This is probably not a good definition of the $n$th derivative. To see this, consider the case $n = 2$: $$f''(x) = \lim_{h \to 0} \frac{f(x + 2h) - 2f(x + h) + f(x)}{h^2}$$ Define $f: \mathbb{R} \to \mathbb{R}$ as follows. First, define $f(0) = 0$. Now define $f$ on the intervals $\left[-1, -\tfrac12\right)$ and $\left(\tfrac12, 1\right]$ to be your favorite unbounded function, for instance $\frac{1}{x^2 - 1/4}$ is a good choice.
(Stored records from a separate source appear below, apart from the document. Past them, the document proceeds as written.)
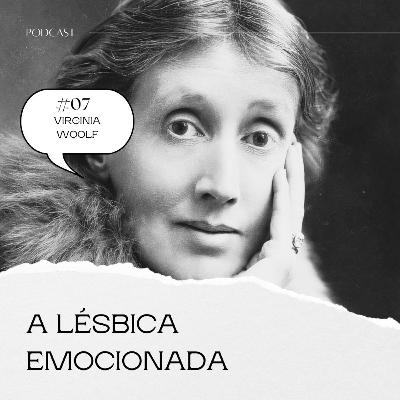 #07 - A lésbica emocionada (Virginia Woolf)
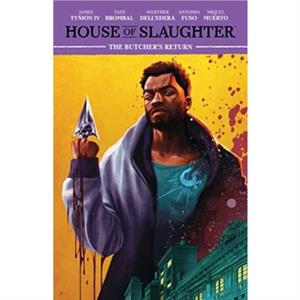 House of Slaughter Vol. 3 by Tate Brombal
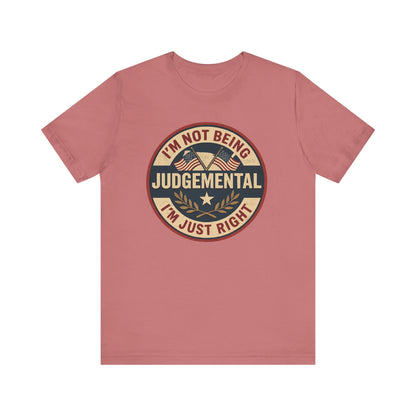 I'm not being Judgemental - Im just Right tee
Now, for any $x$, let $k$ be the unique integer such that $2^k x$ is contained in one of these intervals, and define $f(x) = 2^{-k} f(2^k x)$.
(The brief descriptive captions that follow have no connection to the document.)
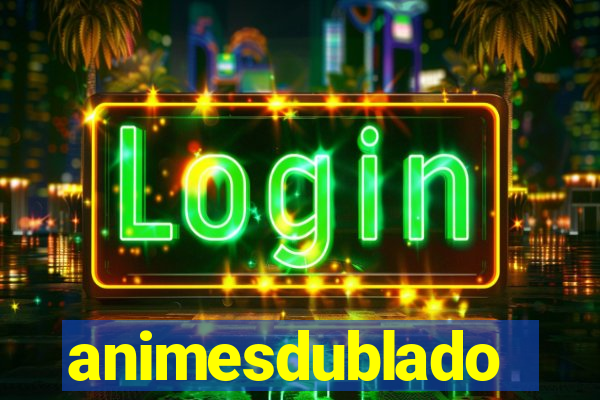 animesdublado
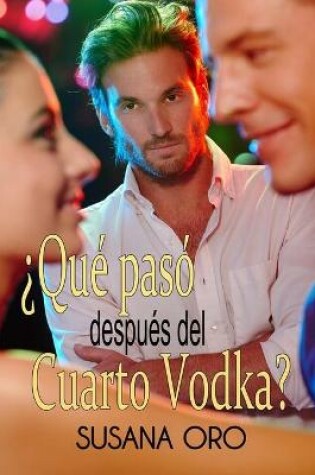 Cover of ¿Qué pasó después del cuarto vodka?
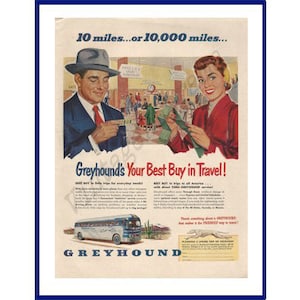 GREYHOUND BUS LINE Original 1952 Vintage Extra Large Color Print Advertisement &quot;10 Miles Or 10,00 Miles Greyhound&#39;s Your Best Buy In Travel&quot;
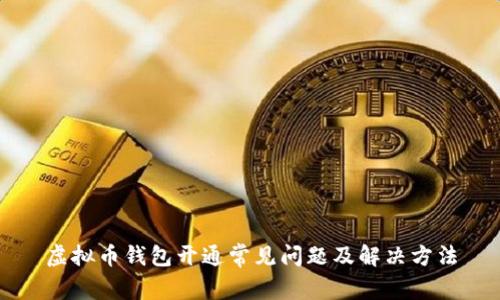 虚拟币钱包开通常见问题及解决方法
This construction satisfies $f(2h) = 2f(h)$ for all $h \in \mathbb{R}$, so the derivative formula above gives $$f''(0) = \lim_{h \to 0} \frac{f(2h) - 2f(h) + f(0)}{h^2} = \lim_{h \to 0} \frac{0}{h^2} = 0$$ However, $f$ is wildly discontinuous at $0$, and is in fact unbounded in any neighborhood containing $0$.
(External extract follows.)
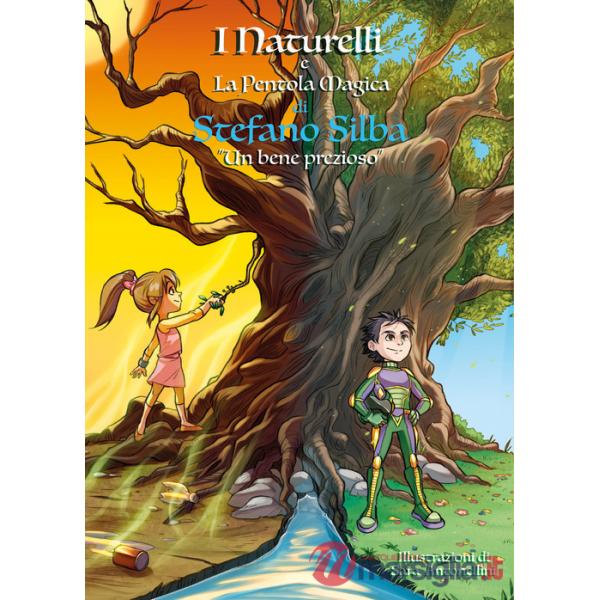 Bene prezioso. I Naturelli e la pentola magica (Un)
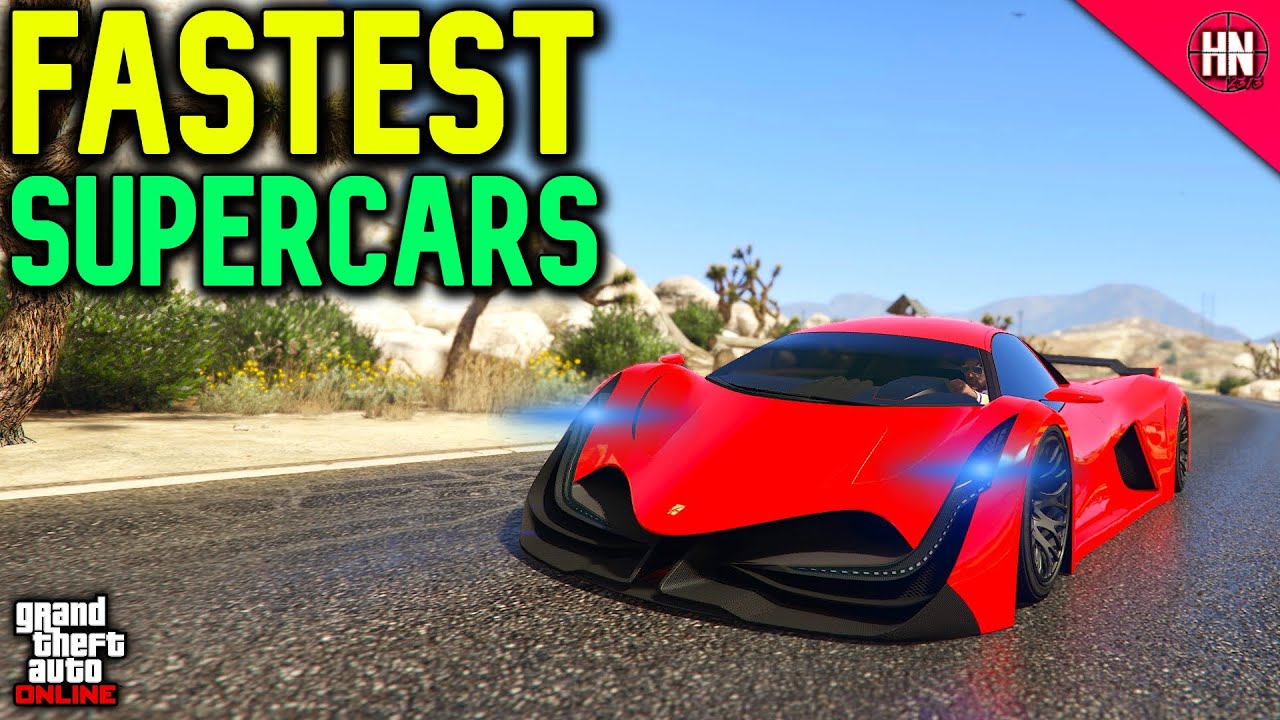 Top 10 FASTEST SUPERCARS In GTA Online!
Does this come from the fact that he should have used another variable for the second $\Delta x$ so as to not confuse it with the first? – DanielV May 1 '14 at 3:40
when you did for f''(x) you are taking both limits as a single limit for delta x. what I did is take $h_1$ for first limit and $h_2$ for second limit, so that nth derivative is limit $(h_1, h_2, h_3,.... h_n)$ --> $(0,0,0,....,0)$ and some function.